When voice is omitted, the configured serve.openai.audio.speech.defaultVoice is used (defaults to "alloy"). Set it to null to make voice strictly required.
{
"serve": {
"openai": {
"audio": {
"speech": {
"defaultVoice": "alloy",
"voices": {
"alloy": "tts-chatter-alloy",
"echo": "tts-chatter-echo"
}
}
}
}
}
}Request
| Field | Description | Required |
|---|---|---|
model | Alias, resolved as described above. | Yes |
input | Non-empty string, capped at serve.openai.audio.speech.maxInputChars (default 4096; set to null to disable). | Yes |
voice | Voice id; defaults to defaultVoice. | No |
response_format | wav (default), pcm (raw 16-bit signed little-endian PCM, mono), or mp3 / opus / aac / flac. | No |
The encoded formats (mp3, opus, aac, flac) are produced by transcoding the synthesized audio through ffmpeg, which must be on the server's PATH. When ffmpeg is absent they return 503 transcode_unavailable (use wav/pcm or install ffmpeg — see qvac doctor); unknown values return 400 invalid_response_format. The default stays wav so synthesis works on hosts without ffmpeg. speed, instructions, and stream_format are accepted but ignored — dropped fields are echoed back in the X-QVAC-Ignored-Params response header.
Response
The response body is binary audio. Headers always include:
| Header | Description |
|---|---|
Content-Type | audio/wav (wav); audio/L16; rate=<sr>; channels=1 (RFC 2586, pcm); audio/mpeg (mp3); audio/ogg (opus); audio/aac (aac); audio/flac (flac). |
Content-Length | Total bytes. |
X-Audio-Sample-Rate | Native sample rate of the model output (e.g. 24000 for Chatterbox, 44100 for Supertonic). Only sent for wav/pcm — encoded containers carry their own rate metadata. |
X-Audio-Channels | Always 1 (mono). Only sent for wav/pcm. |
X-Audio-Bits-Per-Sample | Always 16. Only sent for wav/pcm. |
The route always buffers the full audio before responding (chunked HTTP streaming is tracked as a follow-up).
GET /v1/audio/voices
Lists the configured TTS voices — the OpenAI voice names mapped under serve.openai.audio.speech.voices plus the configured defaultVoice. Used by clients such as Open WebUI's voice selector. QVAC enforces no fixed voice catalog, so callers may also send any voice string that resolves via a {model}-{voice} alias.

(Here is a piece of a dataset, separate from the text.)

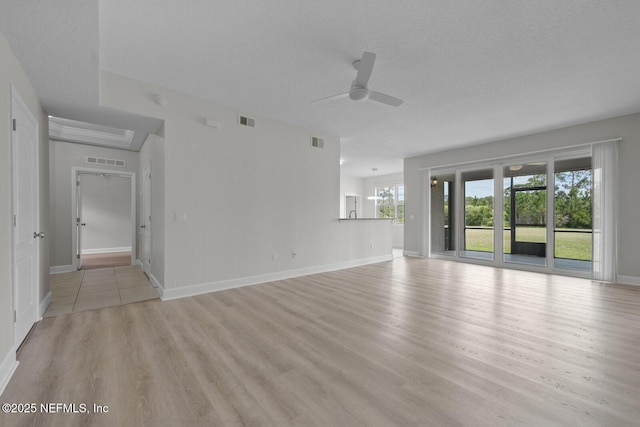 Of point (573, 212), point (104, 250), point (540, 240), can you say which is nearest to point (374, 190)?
point (540, 240)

The response carries both a flat voices array (consumed by Open WebUI) and an OpenAI-style data array:
{
"object": "list",
"voices": ["alloy", "echo"],
"data": [
{ "id": "alloy", "object": "audio.voice", "model": "tts-chatter-alloy" },
{ "id": "echo", "object": "audio.voice", "model": "tts-chatter-echo" }
]
}GET /v1/audio/models
Lists loaded (READY) text-to-speech models — the speech-capable subset of /v1/models, filtered to models whose endpoint category is speech. Same { object: "list", data: [...] } shape, with each entry shaped like a /v1/models entry. Used by Open WebUI's TTS model selector.
{
"object": "list",
"data": [
{ "id": "tts-chatter-alloy", "object": "model", "created": 1718000000, "owned_by": "qvac" }
]
}Images
Text-to-image and image-to-image endpoints backed by any alias whose endpoint category is image (built-in addons that resolve to this category are diffusion and sdcpp-generation).
POST /v1/images/generations
Text-to-image generation backed by the SDK's diffusion() primitive.
curl http://localhost:11434/v1/images/generations \
-H "Content-Type: application/json" \
-d '{
"model": "my-diffusion",
"prompt": "a watercolor cat at golden hour",
"size": "1024x1024",
"n": 1
}'Response:
{
"created": 1718000000,
"output_format": "png",
"size": "1024x1024",
"data": [{ "b64_json": "iVBORw0KGgoAAAANSUhEUgAA..." }]
}Loaded model
Register an alias whose endpoint category is image (built-in addons that resolve to this category are diffusion and sdcpp-generation):
{
"serve": {
"models": {
"my-diffusion": {
"model": "SD_V2_1_1B_Q8_0",
"preload": true,
"config": { "prediction": "v" }
}
}
}
}Drop-in for OpenAI clients: alias an OpenAI image-model name (gpt-image-2, dall-e-2) to your loaded diffusion model.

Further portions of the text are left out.